September 26, 2006
US Wheat Review on Monday: Down on fund sales, no export business
Wheat futures fell Monday on fund selling, no fresh export business from Iraq and beneficial rains this weekend over the Plains wheat belt, sources said.
Basis December contracts, Chicago Board of Trade fell 5 1/4 cents to US$4.13 3/4, Kansas City Board of Trade fell 10 1/2 cents to US$4.71 and the Minneapolis Grain Exchange fell 7 cents to US$4.54 a bushel.
"We rallied last week on rumors that Iraq would buy U.S. wheat," and prices have fallen since there has been no confirmation of any export business, said Brian Hoops, president and senior market analyst at Midwest Market Solutions in Yanktonne, S.D.
Iraqi Trade Minister Abdul Falah al-Sudani met with U.S. Department of Agriculture Secretary Mike Johanns Monday in Washingtonne, D.C., but said he did not intend to announce an intention to purchase wheat, which disappointed market bulls. The trade minister said he expects "good news" on that front soon, however.
An Iraqi wheat delegation heads to Kansas City Tuesday to tour the KCBT and meet with trade leaders. They will hold a short press conference at 11:30 a.m. CDT. Al-Sudani will not travel to Kansas City with the delegation, however.
Meanwhile, weekly export sales estimates were in line with expectations at 16.701 million bushels, but they were down from last week's 20.865 million. Cumulative sales for 2006-07 are 260.561 million bushels, versus 310.701 million at this time last year.

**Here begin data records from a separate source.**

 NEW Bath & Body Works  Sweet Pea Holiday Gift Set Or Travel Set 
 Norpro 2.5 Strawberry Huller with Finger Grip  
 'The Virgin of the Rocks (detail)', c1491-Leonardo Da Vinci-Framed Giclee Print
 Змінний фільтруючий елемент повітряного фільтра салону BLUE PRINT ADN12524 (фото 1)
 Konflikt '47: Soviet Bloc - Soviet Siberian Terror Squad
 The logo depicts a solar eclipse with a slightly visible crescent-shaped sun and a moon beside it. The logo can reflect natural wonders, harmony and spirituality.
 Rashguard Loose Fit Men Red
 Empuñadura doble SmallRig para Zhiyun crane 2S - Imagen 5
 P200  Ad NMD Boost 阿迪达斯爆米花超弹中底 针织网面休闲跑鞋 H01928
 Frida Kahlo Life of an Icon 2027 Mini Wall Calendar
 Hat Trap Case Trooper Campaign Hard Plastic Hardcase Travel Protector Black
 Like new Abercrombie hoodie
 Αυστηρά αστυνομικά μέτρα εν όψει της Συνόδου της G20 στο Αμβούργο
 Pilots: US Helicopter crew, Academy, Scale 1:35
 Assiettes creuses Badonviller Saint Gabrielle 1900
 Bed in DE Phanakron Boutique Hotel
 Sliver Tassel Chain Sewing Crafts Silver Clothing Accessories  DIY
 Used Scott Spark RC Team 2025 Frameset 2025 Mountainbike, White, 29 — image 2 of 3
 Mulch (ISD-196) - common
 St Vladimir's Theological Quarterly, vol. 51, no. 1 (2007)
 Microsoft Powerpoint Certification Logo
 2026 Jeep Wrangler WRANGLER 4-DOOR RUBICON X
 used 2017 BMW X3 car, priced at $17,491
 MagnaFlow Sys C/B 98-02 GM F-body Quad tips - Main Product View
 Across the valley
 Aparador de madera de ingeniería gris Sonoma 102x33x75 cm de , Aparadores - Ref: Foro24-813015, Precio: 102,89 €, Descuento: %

The central and southern Plains saw rains of 0.40-1.25 inches over the weekend, which continues to recharge soil moisture. Mostly dry weather is seen for Tuesday, with a few light showers possible Wednesday and scattered showers Thursday, Meteorlogix said.
In other news, the U.K.'s 2006 wheat crop is estimated at 14.1 million metric tonnes, up 1.4% from the 13.9 million tonnes harvested last year, the National Farmer's Union said. The increase was due to excellent planting conditions last fall and mostly favorable harvest conditions despite adverse August weather.
Brazil's second-largest wheat producing state, Rio Grande do Sul, lost 22% of its 2006 winter wheat crop to severe frost the first week of September. The loss will likely put Brazil's total wheat crop under 3 million tonnes, compared to an initial estimate of 5 million tonnes at the beginning of the planting season.
Parana state, Brazil's No. 1 producer, also saw crop-damaging cold in the southern half of the state, but no official damage estimate has been made.
Fund sales pressured U.S. wheat futures, with weakness encouraged by speculative-led selling seen across many commodity markets, though a late rally in energies allowed prices to come off their lows.
Funds sold a net 2,500 CBOT wheat contracts as of 1:30 p.m. EDT.
J.P. Morgan sold 700 December, Rand Financial sold 500 December, Rosenthal-Collins sold a net 100 December and Goldenberg-Hehmeyer sold 400 December.
Fimat bought a net 100 December and Citigroup Global Markets bought 200 December.
KANSAS CITY BOARD OF TRADE
KCBT wheat futures led the losses, pressured by spillover weakness from lower corn futures on improving weather conditions in the corn belt.
In addition, slightly better rain chances in Argentina's growing areas may improve that country's crop and added price pressure.
December fell to a five-session low of US$4.69 1/2 and filled a portion of the downside chart gap that runs from US$4.69 1/2 to US$4.68.
In early trade, J.P. Morgan bought 200 December and sold 200 March, while Man Financial, Frontier Futures and Shay Grain each sold 200 December.
MINNEAPOLIS GRAIN EXCHANGE
KCBT wheat futures fell to a four-session low of US$4.51 on the selling pressure and settled near the day's midrange.
Price pressure resulted from lower CBOT and KCBT futures and no word on new export business.
Technically, December found support near the 10-day moving average at US$4.51 and met resistance near the US$4.58 20-day moving average.